In the beginning, nachos were a simple satisfaction: fried corn tortilla chips, cheddar cheese, sliced jalapeno chiles.
They've come a long way since Ignacio Anaya invented them in 1943 to feed the wives of American servicemen in Piedras Negras, Mexico on a shopping trip.
Today, nachos have spanned the globe, incorporating elements of myriad cuisines. Chips and cheese are just the beginning.
Buffalo's nacho menu has praiseworthy versions that hew relatively close to the original, and ones that take their cues from Italy or Vietnam instead of Mexico. Here's some of my favorites.
Tricked-out nachos ($7.49), Lloyd Taco Factory locations and Lloyd trucks.
This my favorite standard-ish nachos in town, for all the ways it elevates the standard. Pork shoulder roasted long enough to bring out its sweetness, housemade cheese sauce that tastes better than the canned stuff, and bracing red chile sauce that heats without burning.

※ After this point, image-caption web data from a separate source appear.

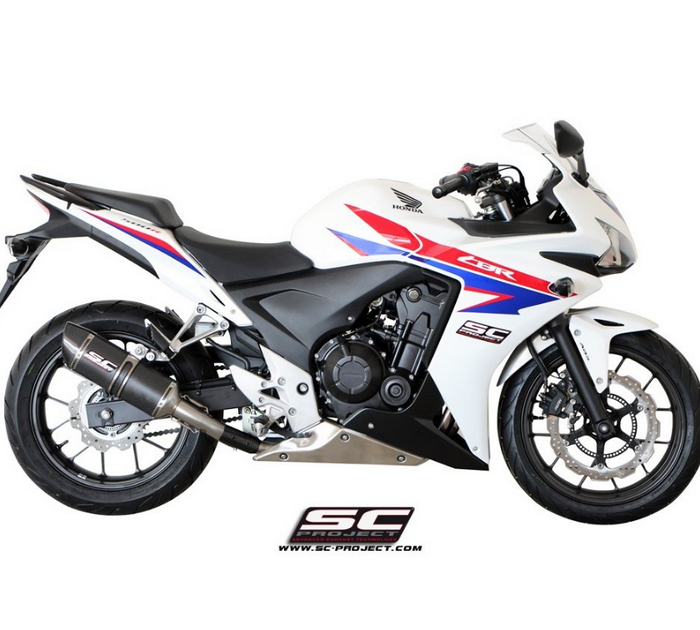 SC-Project Εξάτμιση Oval Titanium για Honda CBR500R 2012–2016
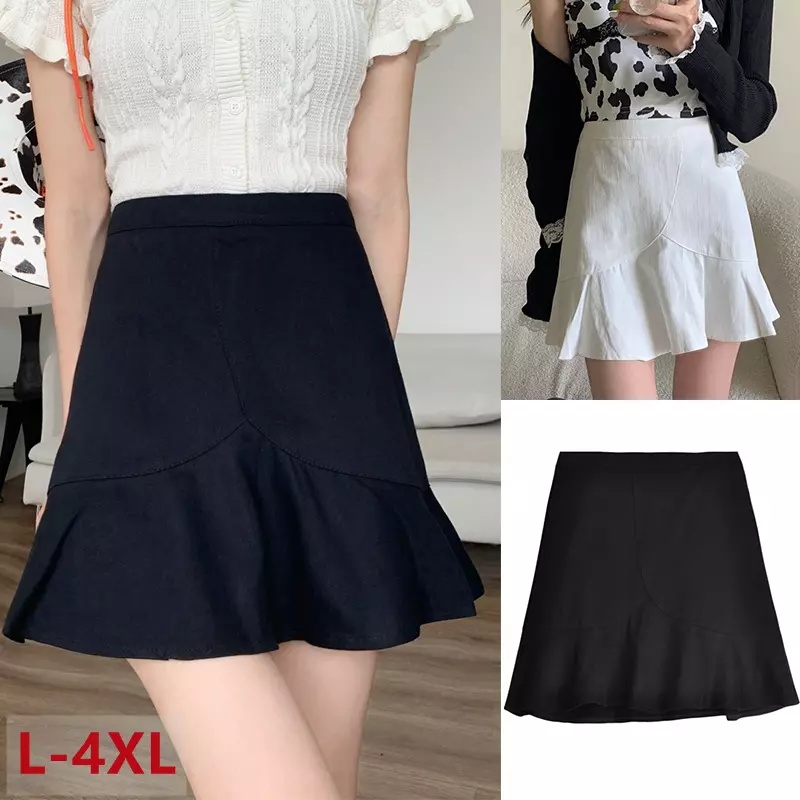 Black ruffle skirt 4xl cheap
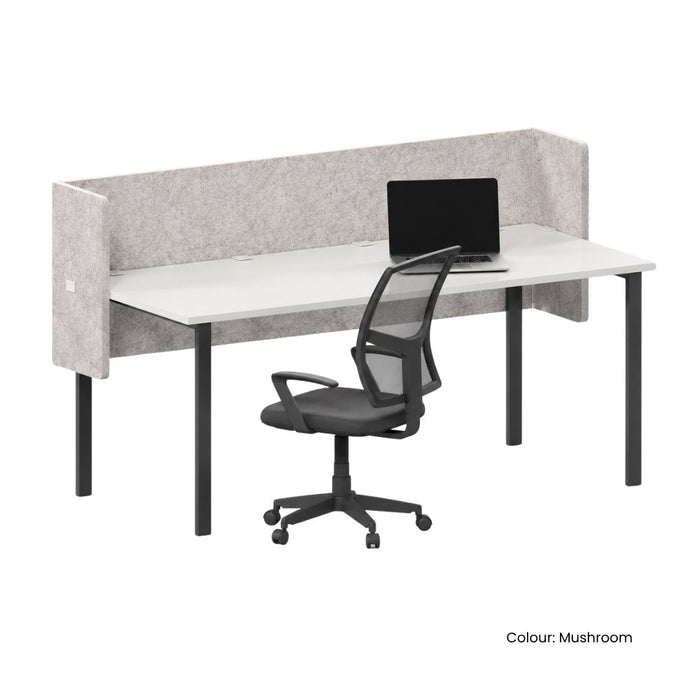 SANA Serenity Desk Screen 24mm Above and Below Desk 1500 x 800mm Assorted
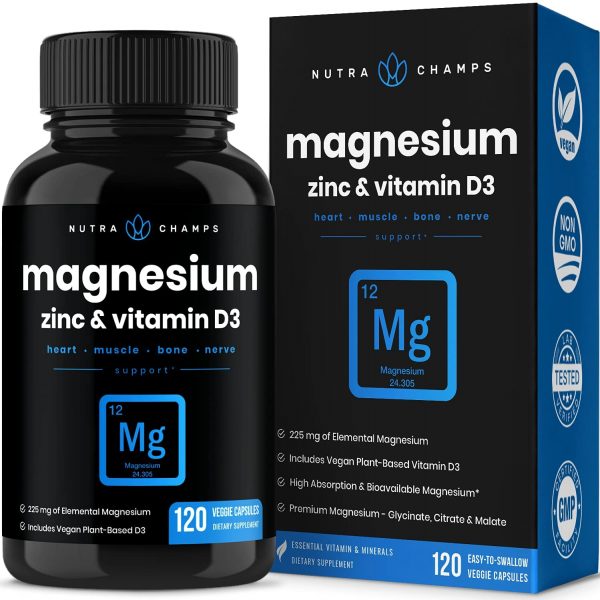 Magnesium, Zinc and Vitamin D3 Supplement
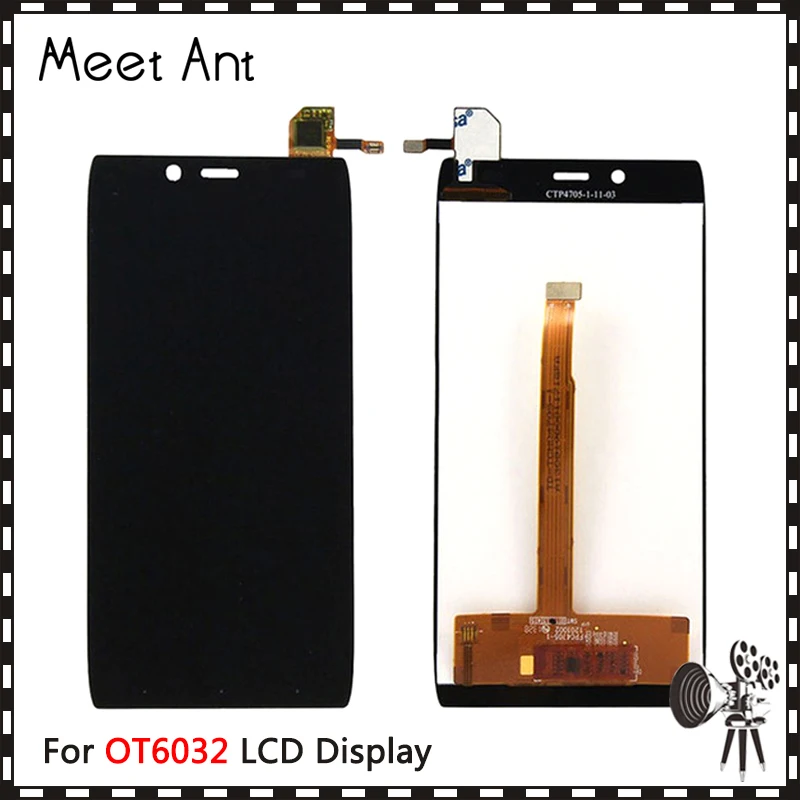 4 7 &quotдля Alcatel One Touch Idol Alpha 6032 OT6032 6032X 6032a ЖК экран с кодирующий преобразователь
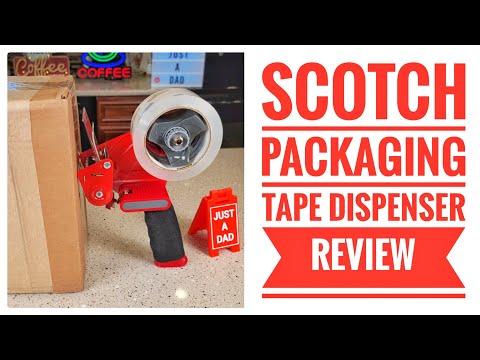 How To Use The Best Packing Tape Dispenser by Scotch Packaging Tape Review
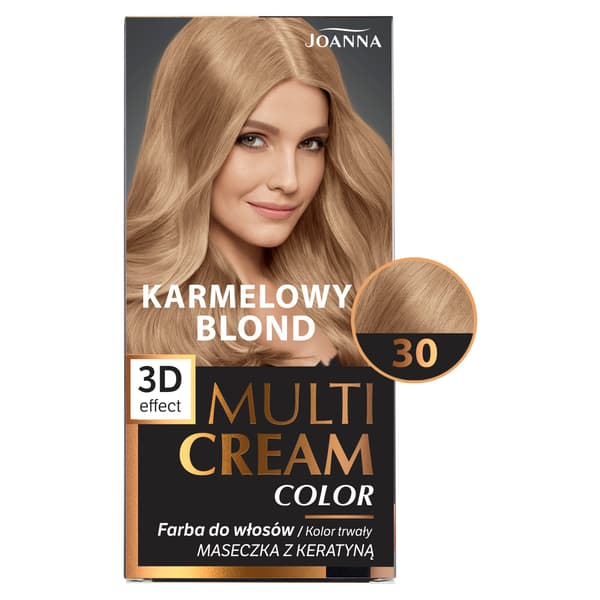 JOANNA MULTI CREAM Hårfarve 30 Karamelblond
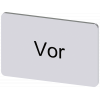 Labeling plate 17.5x27 mm, silver-colored label, labeling: Vor. 3SU19000AD810AF0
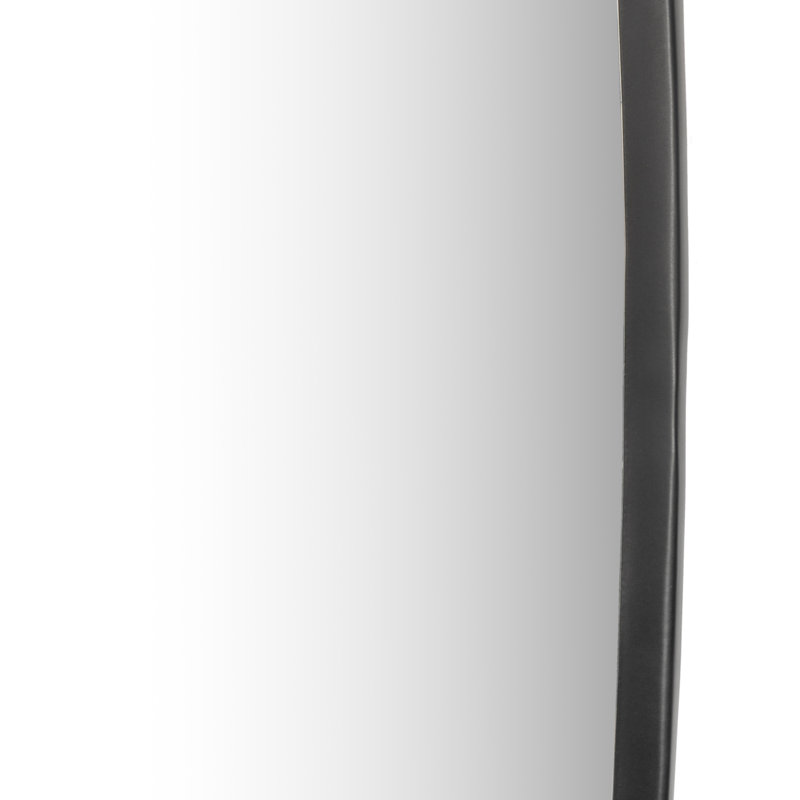 Brinley Flat Metal Wall Mirror, Matte Black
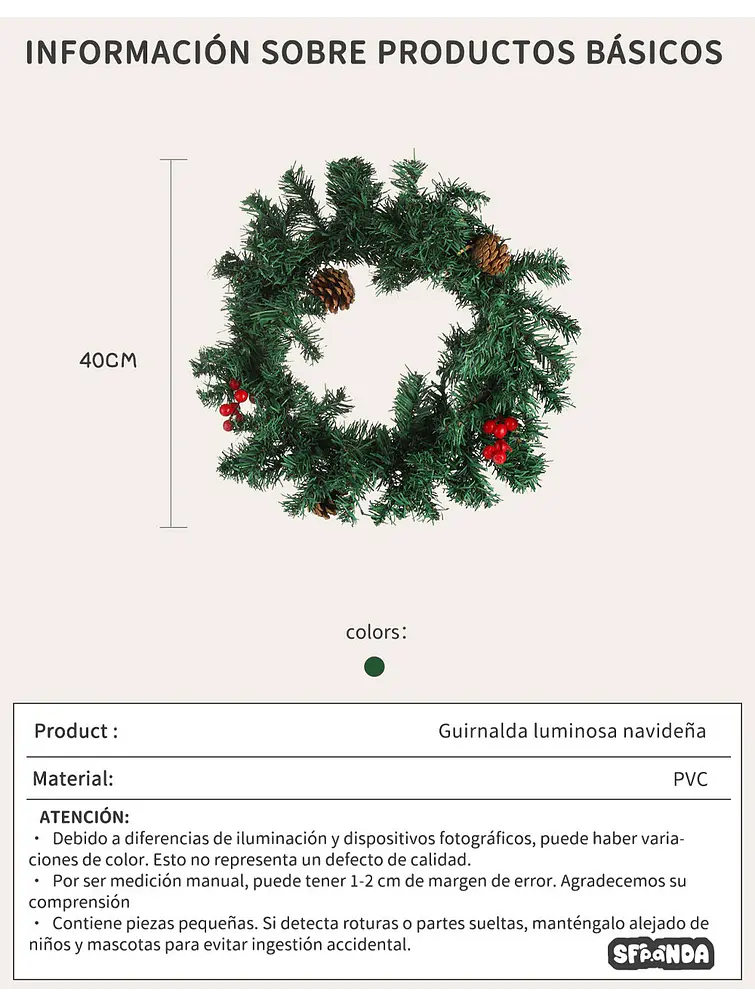 ADORNO NAVIDEÑO C/U 5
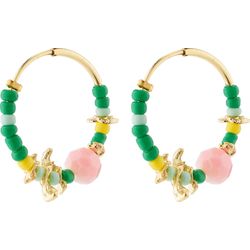 Pilgrim Pearl earrings - Pause - pink/green (GOLD)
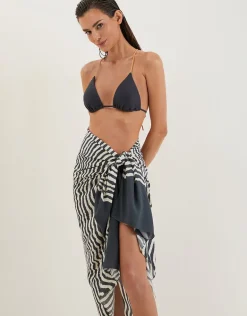 Ravine Printed Sarong - Stripe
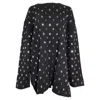 Dries Van Noten Crystal Embellished Sweater In Black Cotton In Black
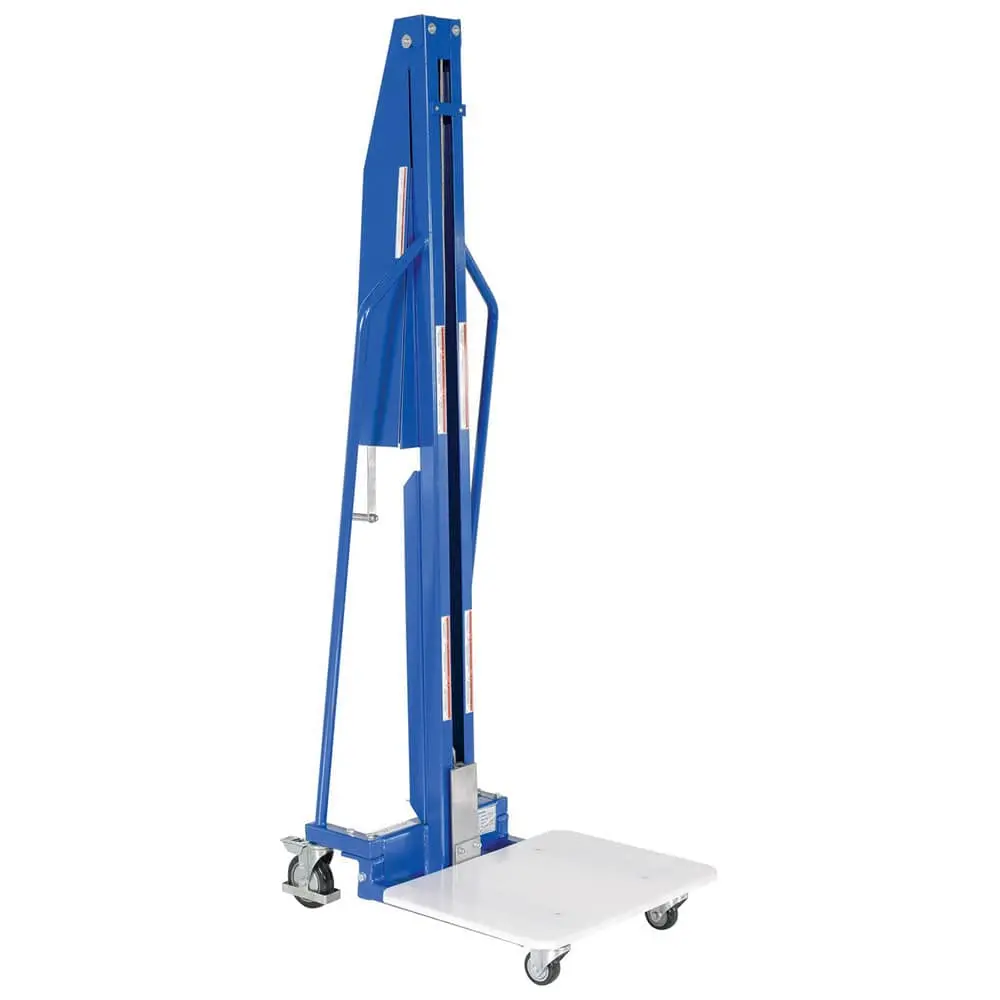 Steel Manual Work Position - 32 In X 24 In X 75 In - 440 Lbs Capacity - Blue 1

Ahi tuna nachos ($13), Riverstone Grill, 971 East River Road, Grand Island.
Riverstone chef-owner Chaz Bulera didn't invent tuna nachos, but his exuberant version is my favorite. That's sesame-crusted fish briefly seared, sliced and arranged over fried wonton wrappers, tarted up with with cucumber wasabi dressing, scallions and sweet chili sauce.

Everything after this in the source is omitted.